Review: Miley, Moon Unit & Me
Miley, Moon Unit & Me is the latest offering from songstress and theatre mastermind Tegan Jones. With this fifty minutes of story and song, Jones taps into the heart of the cabaret tradition (though the love in this heart a little less sexual and a little more familial).
In the intimate basement of the Butterfly Club, Jones introduces the audience, in spirit if not in actuality, to her dad. While, unlike the other two titular daughters, Jones’ father is not a musician, he did foster her love of music. With a list of artists including Billy Ray Cyrus, Ella Fitzgerald, Demi Lovato, Amy Winehouse, and Frank Zappa, Jones’ range and interest is eclectic but clearly united by its central theme.
For the most part the show is a lighthearted, positive and loving reflection on the relationships between fathers and daughters, cast largely through Jones’ anecdotes about her own dad. This positivity sets up a secret emotional punch when Jones briefly tells the stories of singers whose fathers have been less present and less kind. Her rendition of Demi Lovato’s ‘Father’ brings at least two thirds of the audience to tears, and the sting of Amy Winehouse’s story is felt even though Jones only has the space to provide the briefest of summaries.
Jones’ voice has a musical theatre quality to it, allowing her to wring emotion from every note.

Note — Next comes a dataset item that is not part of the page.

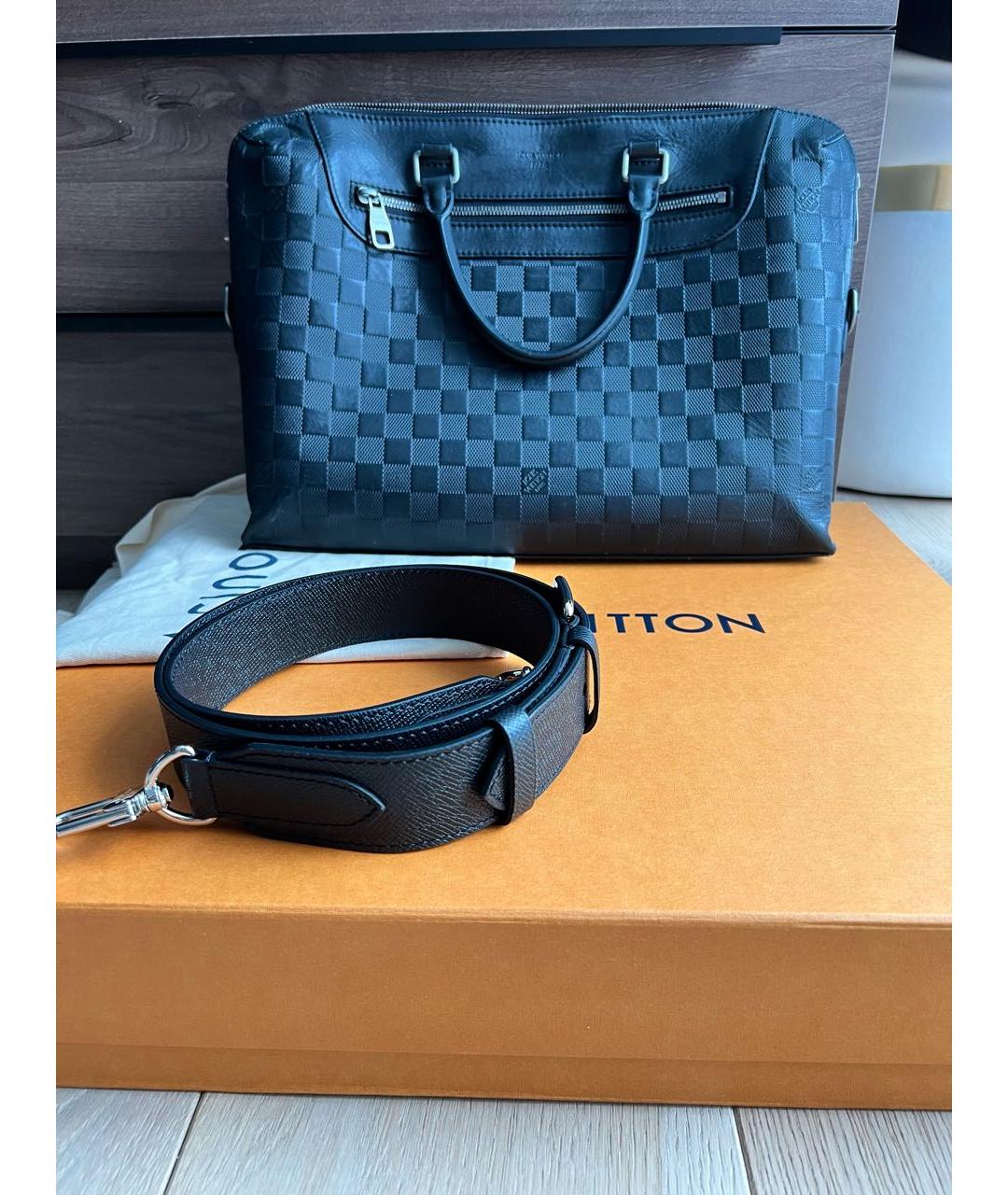 LOUIS VUITTON Черный портфель, фото 2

While it’s hard not to wonder what some of the songs would sound like with the backing of a full band, accompanist Kay Cai wields the piano to bring out the highlights in Jones’ voice, especially on the jazz tracks. It is here that Jones’ reverence for Ella Fitzgerald turns what could’ve been a straightforward cover into something personal and heartfelt. It helps that both performers are completely comfortable on stage, which lends itself to the laid back, conversational tone of the show itself. Jones also manages to combine the requisite crowd interaction with the requisite dad jokes by asking the audience for their best corny two-liner.
Of course, you can’t go without mentioning the utterly impressive 29 songs in 7 minutes that is the show’s climax. A collection of songs Jones’ associates with her dad, it ranges quickly from classic to modern and back again (depending, as always, on your definition of those two terms).
On a personal note, it was hard not to immediately connect with a show about fathers and music that more or less opens with Frank Zappa’s ‘I am the Slime’. Who knew that was such a relatable experience? At least it wasn’t ‘Call Any Vegetable’. And, for the record, Jones’ dad was actually in the audience on the night I attended the show.
If your father has had any influence on your musical taste at all, or even if you just like to hear well sung songs and well told memories, head along to Miley, Moon Unit and Me while you can.